Os BRICS compreendem hoje mais de 20% da riqueza mundial e são
responsáveis por uma grande parte da circulação de produtos em todos os
continentes. Por sua vez, o intercâmbio comercial somente entre os
países membros do grupo já chegou à cifra de 300 bilhões de dólares.
Pela primeira vez também, o Brasil não se encontra na condição de
vassalo dos Estados Unidos ‒ situação em permaneceu desde a 2ª Guerra
Mundial ‒ e exatamente por isso que se coloca agora como alvo do império
americano, já que a queda de Dilma Rousseff certamente enfraqueceria a
posição da Rússia e da China na América Latina.

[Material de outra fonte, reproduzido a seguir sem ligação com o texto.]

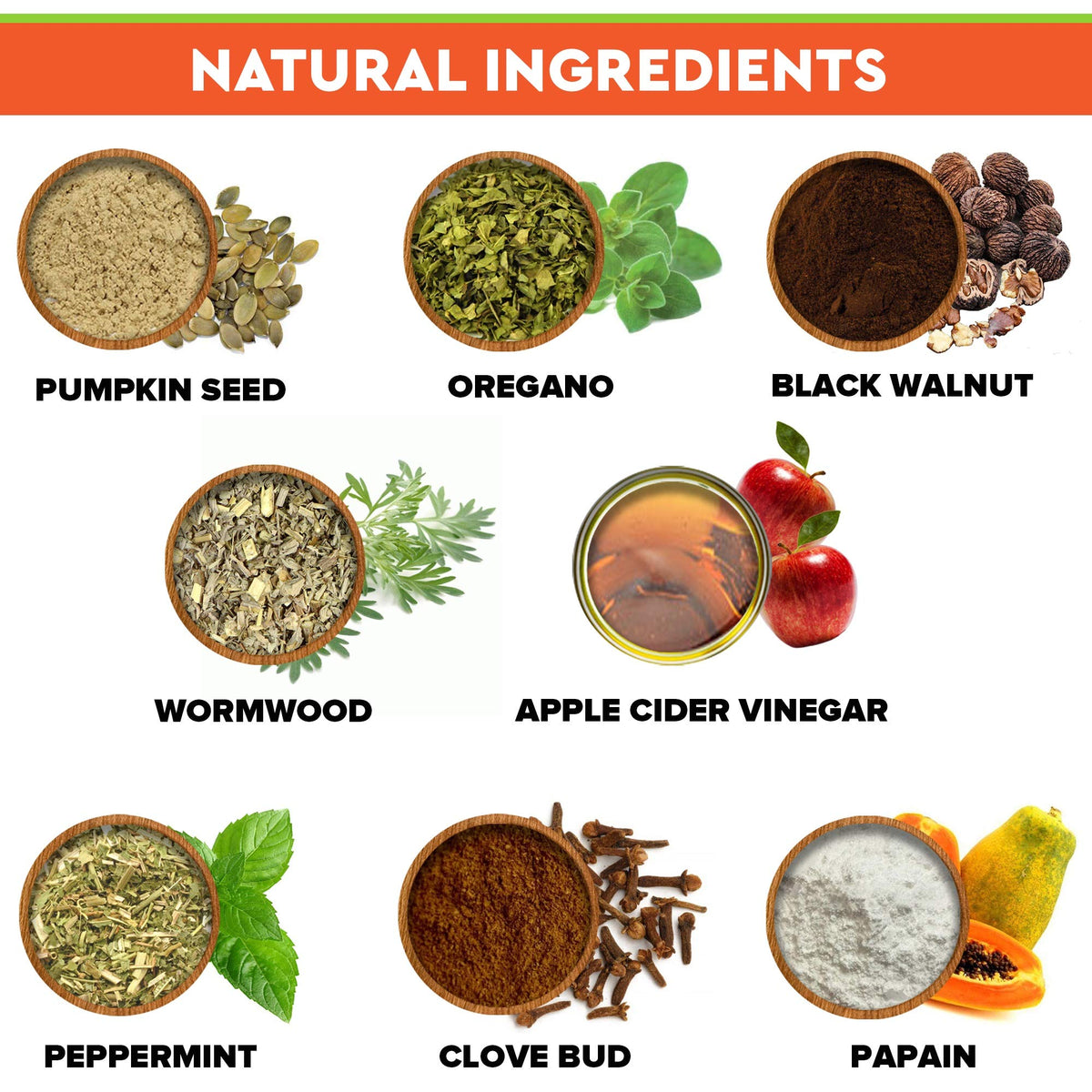 Herbal Cleanse for Dogs and Cats 2fl.oz X80586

Confrontada no plano externo por suas posições de independência em
relação aos EUA, Dilma se verá forçada a tomar decisões ‒ no âmbito
interno ‒ que evitou ao longo de todo o seu primeiro governo como a
regulação da mídia, cujo comportamento notoriamente antiético, sem
escrúpulos, deliberadamente mentiroso e claramente difamatório em
relação à sua pessoa já ultrapassou qualquer limite de responsabilidade.

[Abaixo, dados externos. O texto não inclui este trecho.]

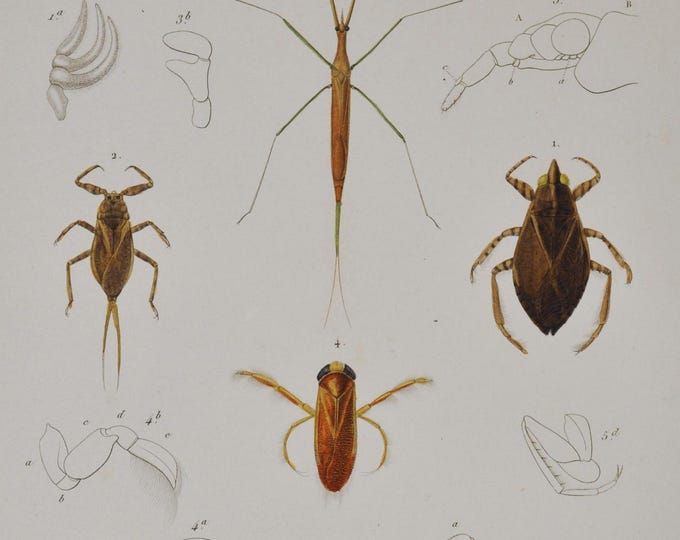 Giant Water Bug / Water Scorpion / Eurasian Water Stick Insect - Hand-colored Original Antique Insect Print - Cuvier engraving 1840s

Sua vitória no pleito de 26 de outubro a compromete com as populações
menos favorecidas, o que a colocará em rota de colisão com as regiões do
sul e do sudeste, que vêm apresentando um crescimento significativamente
menor do que a região nordeste e onde começam a irromper violentos atos
de racismo e contínuas manifestações de separatismo.

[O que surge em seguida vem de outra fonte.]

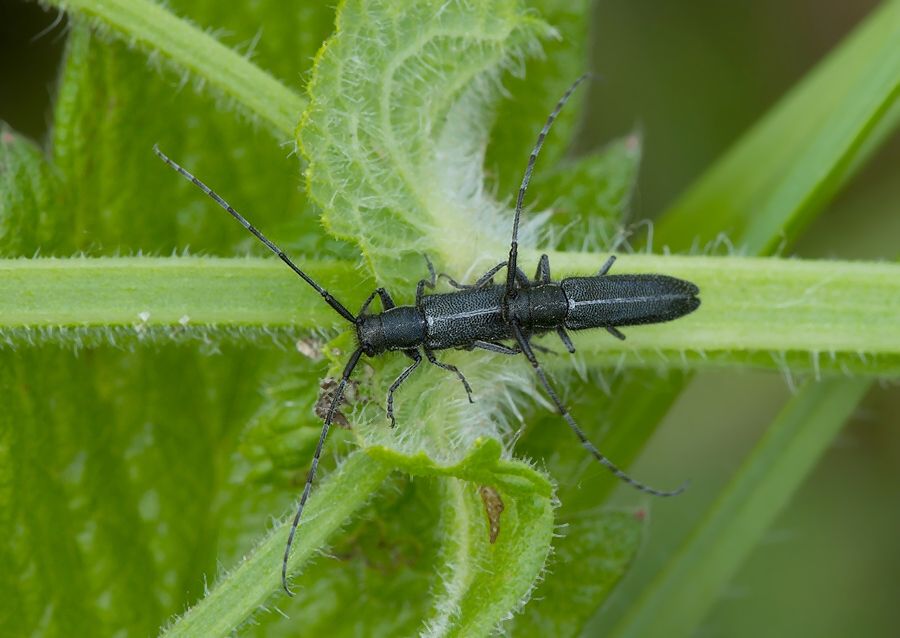 Agapanthia cardui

Desde o fim da União Soviética e o colapso do projeto socialista de
integração de todos os povos da terra em torno de um sistema econômico e
produtivo comum, as sementes do separatismo e do racismo têm crescido,
insufladas pelo poder hegemônico ianque que ‒ na mesma linha do império
romano ‒ objetiva a divisão como a forma mais propícia para favorecer o
seu domínio.
Diante de todo este quadro, que muitos considerariam tenebroso, como vem
reagindo a nossa president(a)? Depois de vitoriosa, ela concedeu algumas
entrevistas aos mesmos órgãos de comunicação que a haviam flagelado
durante a campanha e depois se escafedeu para o Qatar e a Austrália, no
outro lado do mundo.
Com isto, abriu espaço para que oposição derrotada estabelecesse um
programa para seu governo e começasse a indicar nomes do seu agrado para
o futuro ministério. Mesmo antes de tomar posse, o novo governo já
sofreu algumas derrotas como a fatídica indicação de Gilmar Mendes para
o exame das contas de campanha de Dilma Rousseff.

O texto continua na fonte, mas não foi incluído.